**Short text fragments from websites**
▬▬▬
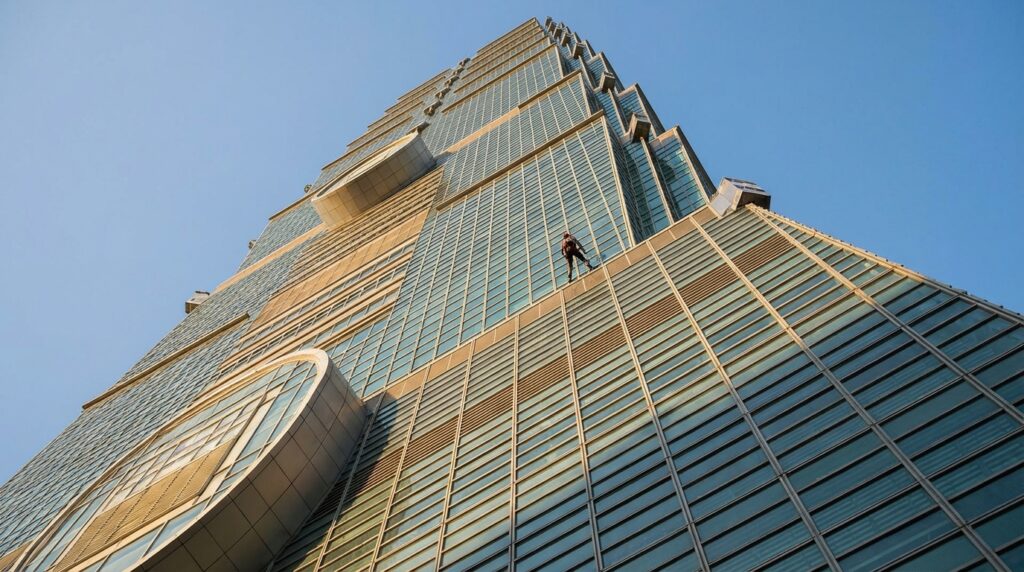 Alex Honnold escalando la fachada del Taipei 101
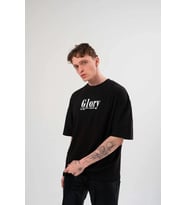 Erkek Tişört Yazlık Bisiklet Yaka Baskılı Kısa kol T-Shirt - Siyah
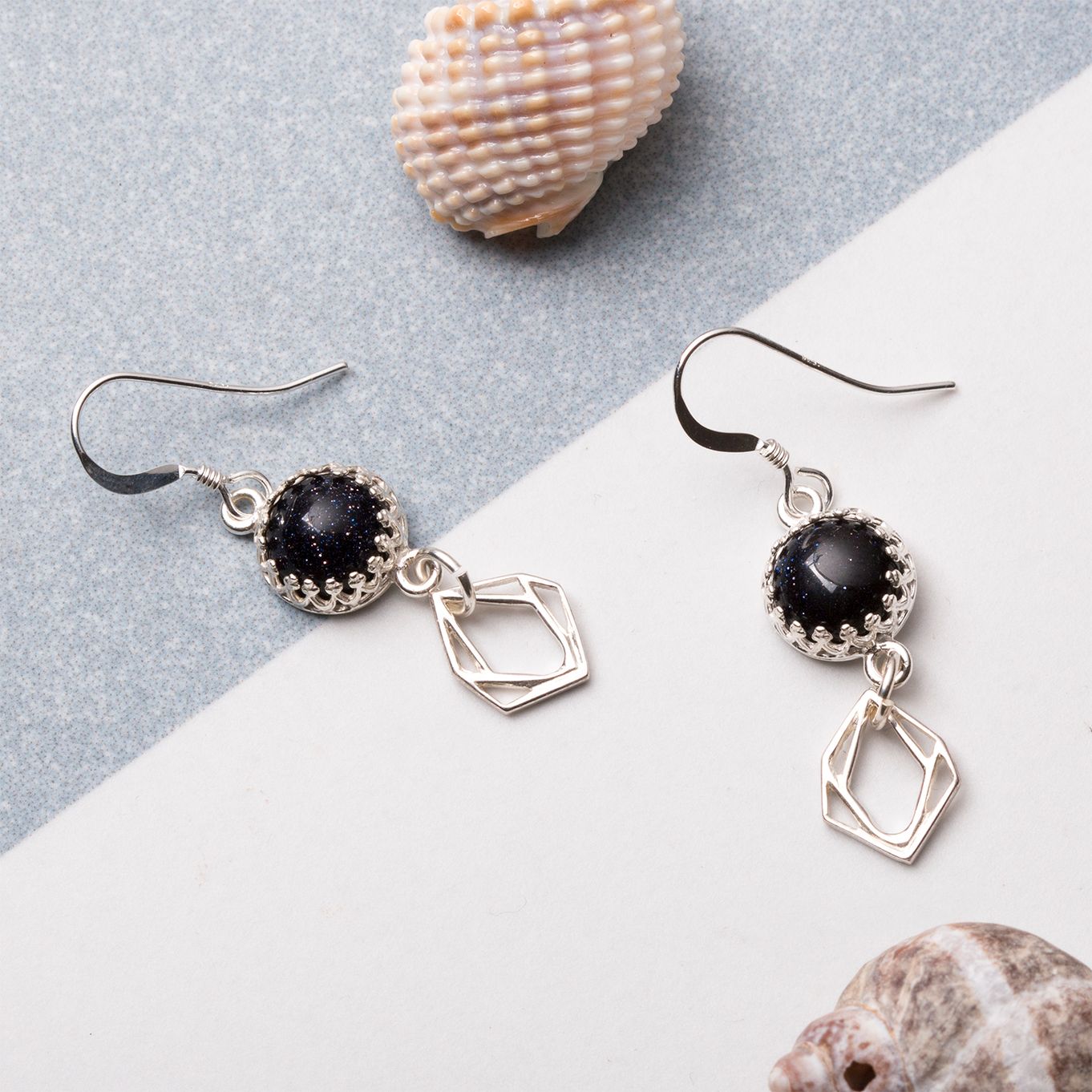 Blue Goldstone Charm Earrings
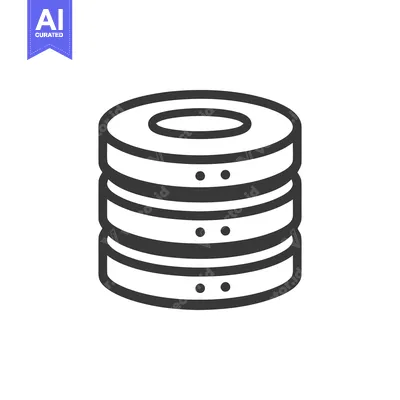 Aset desain premium: Minimalist Database Icon: Three-Tiered Storage with Data Points in Bol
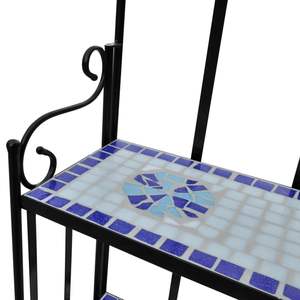 Espositore per piante con motivo a mosaico bianco blu per forniture da giardino - Product Image 3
▬▬▬
**What the exercise asks**
Each entry should be repeated exactly as it appears; the pictures stay out.

**Answer**
 Alex Honnold escalando la fachada del Taipei 101
 Erkek Tişört Yazlık Bisiklet Yaka Baskılı Kısa kol T-Shirt - Siyah
 Blue Goldstone Charm Earrings
 Aset desain premium: Minimalist Database Icon: Three-Tiered Storage with Data Points in Bol
 Espositore per piante con motivo a mosaico bianco blu per forniture da giardino - Product Image 3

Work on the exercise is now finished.